■ **ASSIGNMENT**:
None of the images should appear in your copy. Transcribe the data in full.

■ **DATA**:
= = = = = = =

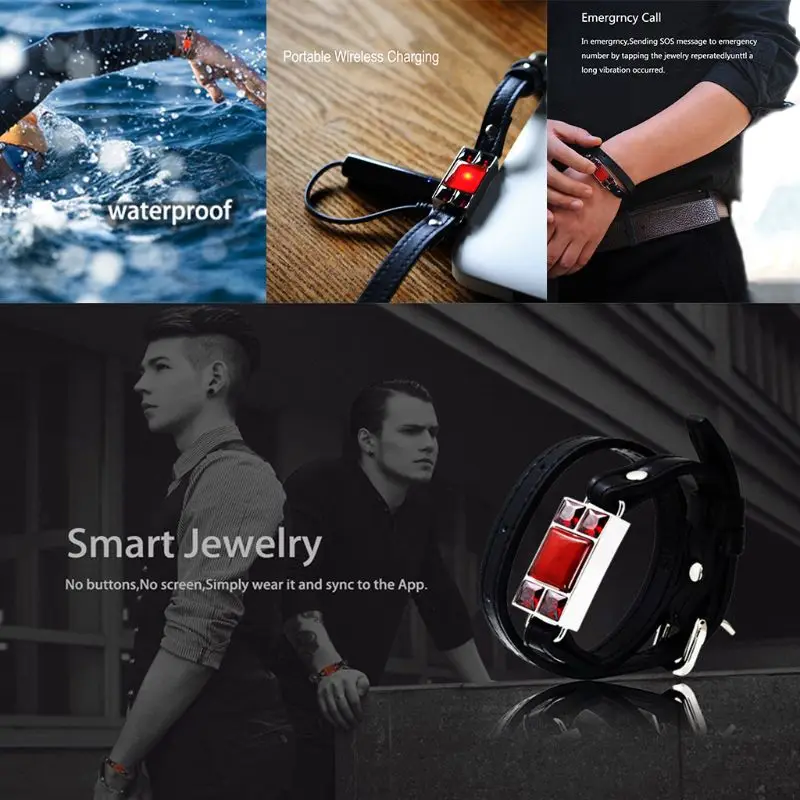 

For SHAREMORE Smart Bangle Men Leather Bracelet Wristband Stone Jewelry Gifts Emergency Call Personal Security Wireless Recharge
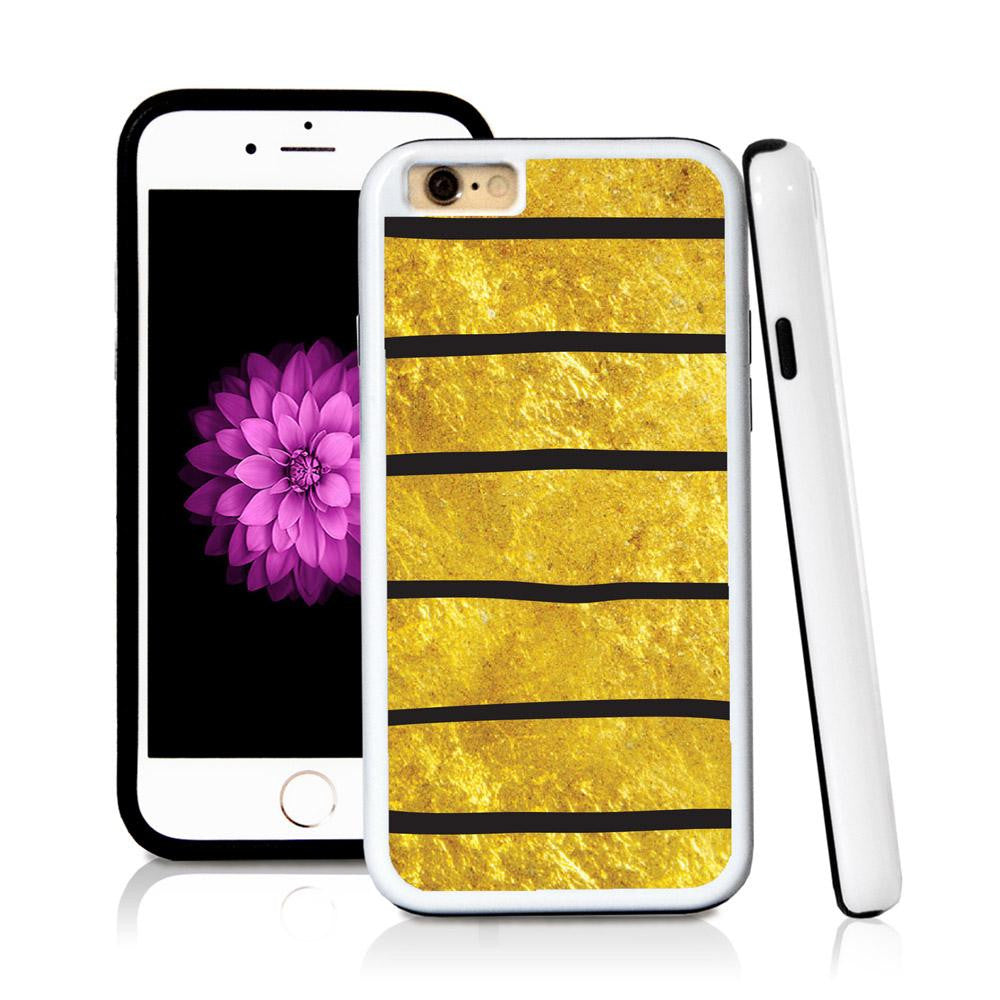 iPhone 6 case Stripes six in Shiny Gold Texture with hard plastic and rubber protective cover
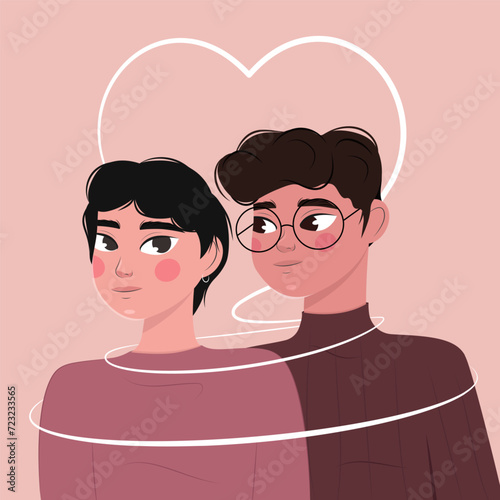 Gay couple with heart joining them together. Happy Valentine's Day illustration.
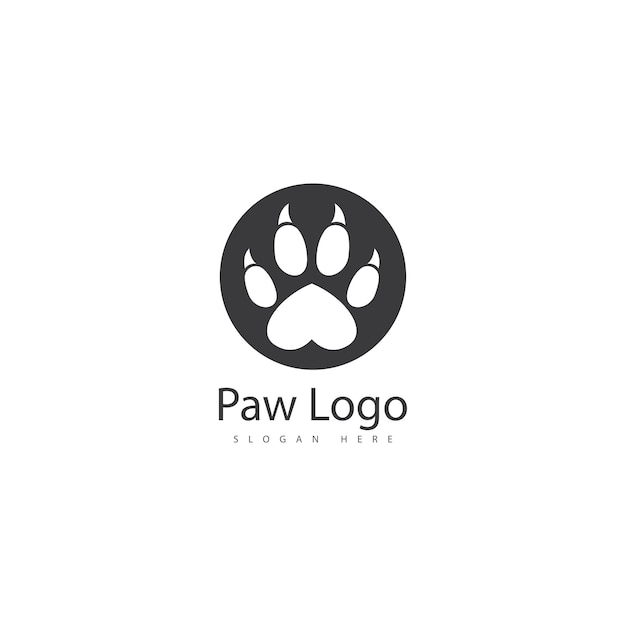 Paw vector logo design template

= = = = = = =

■ **EXERCISE OUTPUT**:
For SHAREMORE Smart Bangle Men Leather Bracelet Wristband Stone Jewelry Gifts Emergency Call Personal Security Wireless Recharge
 iPhone 6 case Stripes six in Shiny Gold Texture with hard plastic and rubber protective cover
 Gay couple with heart joining them together. Happy Valentine's Day illustration.
 Paw vector logo design template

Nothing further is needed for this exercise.